######################
Advanced Llama Example
######################

************
Introduction
************

This example demonstrates how to train llama models in challenging distributed configurations by nnscaler.

************
Requirements
************

Assume following packages have been installed in the environment. ::

    nnscaler
    transformers==4.40.0
    datasets==2.20.0
    apex
    flash-attn

*nnScaler* is a framework for distributed training by automatically partitioning the model.
Apart from the core nnScaler library, it also includes a mini-trainer for modern model training.
You can find related documents and examples at `nnScaler <https://nnscaler.readthedocs.io/en/latest/>`_.

*transformers* and *datasets* are used to prepare the data and loading the Llama model.

To speed up the training,
`apex <https://github.com/NVIDIA/apex>`_ and `flash-attn <https://github.com/Dao-AILab/flash-attention>`_ are required.
You can install them by following instructions in their official repositories.
We also recommend to launch training in a docker directly,
like ``nvidia/pytorch:24.02-py3`` and ``rocm/pytorch:rocm6.2.3_ubuntu22.04_py3.10_pytorch_release_2.3.0``.

****************
Supported Models
****************

The following table lists the supported model architectures and their corresponding distributed environments.
A performance analysis for these will be provided later in the document.
We plan to support more model combinations in the future and encourage you to experiment and contribute.
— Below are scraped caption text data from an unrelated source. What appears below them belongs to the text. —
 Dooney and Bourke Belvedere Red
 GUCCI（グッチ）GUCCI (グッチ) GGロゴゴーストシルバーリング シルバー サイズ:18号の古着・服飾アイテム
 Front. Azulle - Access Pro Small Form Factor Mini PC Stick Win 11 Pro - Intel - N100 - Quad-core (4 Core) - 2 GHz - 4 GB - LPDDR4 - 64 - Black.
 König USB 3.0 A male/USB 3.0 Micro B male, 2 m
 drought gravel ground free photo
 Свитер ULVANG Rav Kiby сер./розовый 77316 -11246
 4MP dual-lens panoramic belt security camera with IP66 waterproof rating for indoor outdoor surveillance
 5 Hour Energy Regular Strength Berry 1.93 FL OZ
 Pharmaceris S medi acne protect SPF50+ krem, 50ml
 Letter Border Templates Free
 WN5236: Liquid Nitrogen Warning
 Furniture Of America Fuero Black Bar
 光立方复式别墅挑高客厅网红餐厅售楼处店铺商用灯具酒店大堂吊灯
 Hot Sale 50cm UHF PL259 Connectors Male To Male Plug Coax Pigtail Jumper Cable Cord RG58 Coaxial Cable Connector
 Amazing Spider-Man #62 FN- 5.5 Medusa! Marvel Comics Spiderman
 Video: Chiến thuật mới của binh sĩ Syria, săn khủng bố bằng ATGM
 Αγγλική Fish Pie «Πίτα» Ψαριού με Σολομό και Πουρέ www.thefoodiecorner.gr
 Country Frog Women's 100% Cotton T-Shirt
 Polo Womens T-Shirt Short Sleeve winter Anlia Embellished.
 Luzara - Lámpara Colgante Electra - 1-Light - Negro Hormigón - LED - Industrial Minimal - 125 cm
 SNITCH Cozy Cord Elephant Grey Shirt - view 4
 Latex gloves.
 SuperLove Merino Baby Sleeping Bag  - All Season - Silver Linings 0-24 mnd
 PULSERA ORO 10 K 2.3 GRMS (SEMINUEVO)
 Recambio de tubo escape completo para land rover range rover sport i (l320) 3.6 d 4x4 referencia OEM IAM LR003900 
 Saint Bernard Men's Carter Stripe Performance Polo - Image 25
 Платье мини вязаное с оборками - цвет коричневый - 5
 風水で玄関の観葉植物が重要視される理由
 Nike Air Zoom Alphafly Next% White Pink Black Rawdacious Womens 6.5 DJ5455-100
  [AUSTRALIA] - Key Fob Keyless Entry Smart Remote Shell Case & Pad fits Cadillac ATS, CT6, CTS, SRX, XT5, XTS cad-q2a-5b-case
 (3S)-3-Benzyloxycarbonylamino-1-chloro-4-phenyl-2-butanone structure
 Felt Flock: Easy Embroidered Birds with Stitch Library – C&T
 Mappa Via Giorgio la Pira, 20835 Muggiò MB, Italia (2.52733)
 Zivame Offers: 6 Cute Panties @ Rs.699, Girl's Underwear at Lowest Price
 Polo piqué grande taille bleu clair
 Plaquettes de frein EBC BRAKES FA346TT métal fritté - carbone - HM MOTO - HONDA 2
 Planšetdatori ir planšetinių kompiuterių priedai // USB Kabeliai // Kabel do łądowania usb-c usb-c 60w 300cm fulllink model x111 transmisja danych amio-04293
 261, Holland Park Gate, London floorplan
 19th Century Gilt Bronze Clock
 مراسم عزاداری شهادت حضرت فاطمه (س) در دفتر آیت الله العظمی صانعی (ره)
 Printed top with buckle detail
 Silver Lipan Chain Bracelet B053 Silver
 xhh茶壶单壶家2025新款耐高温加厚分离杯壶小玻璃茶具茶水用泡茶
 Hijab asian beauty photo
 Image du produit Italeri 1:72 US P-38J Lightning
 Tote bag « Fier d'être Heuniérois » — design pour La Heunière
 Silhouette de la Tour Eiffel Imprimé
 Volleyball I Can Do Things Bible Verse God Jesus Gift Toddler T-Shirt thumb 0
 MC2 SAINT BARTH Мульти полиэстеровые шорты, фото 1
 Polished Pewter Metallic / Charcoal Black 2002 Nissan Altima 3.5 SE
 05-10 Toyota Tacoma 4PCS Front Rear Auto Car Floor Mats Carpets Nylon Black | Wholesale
+-------------------------------------+-----------------+-------------+---------------+
| Model ID                            | Sequence Length | Device Type | Device Number |
+=====================================+=================+=============+===============+
| meta-llama/Meta-Llama-3-8B-Instruct | 131072          | H100        | 8             |
+-------------------------------------+-----------------+-------------+---------------+
| meta-llama/Meta-Llama-3-70B         | 8192            | MI300       | 16            |
+-------------------------------------+-----------------+-------------+---------------+

****************
Data Preparation
****************

We use the `bookcorpus <https://huggingface.co/datasets/bookcorpus>`_ dataset for demonstrating in this doc.
You can change related code to support your own dataset.
Here we give an example that downloads and tokenizes ``bookcorpus`` for Llama.

In the example command below,
the dataset is tokenized by `Meta-Llama-3-8B-Instruct <https://huggingface.co/meta-llama/Meta-Llama-3-8B-Instruct>`_ tokenizer and grouped into 128K,
tokenized data is saved in ``bookcorpus_llama3_128K`` directory.

.. code-block:: bash

    python bookcorpus.py \
        --data_path_or_name bookcorpus/bookcorpus \
        --tokenizer_path_or_name meta-llama/Meta-Llama-3-8B-Instruct \
        --save_path ./bookcorpus_llama3_128K \
        --sequence_length 131072

********
Training
********

nnScaler adopts a compiler approach to train deep learning models on multiple deivices.
The processing pipeline is divided into two stages:

#. Compile stage: trace the original PyTorch model and get the dataflow graph.
   Analyze the graph and generate an efficient plan for distributed training.
   Generate python code for the runtime stage.
#. Runtime stage: run the generated python code to train the model.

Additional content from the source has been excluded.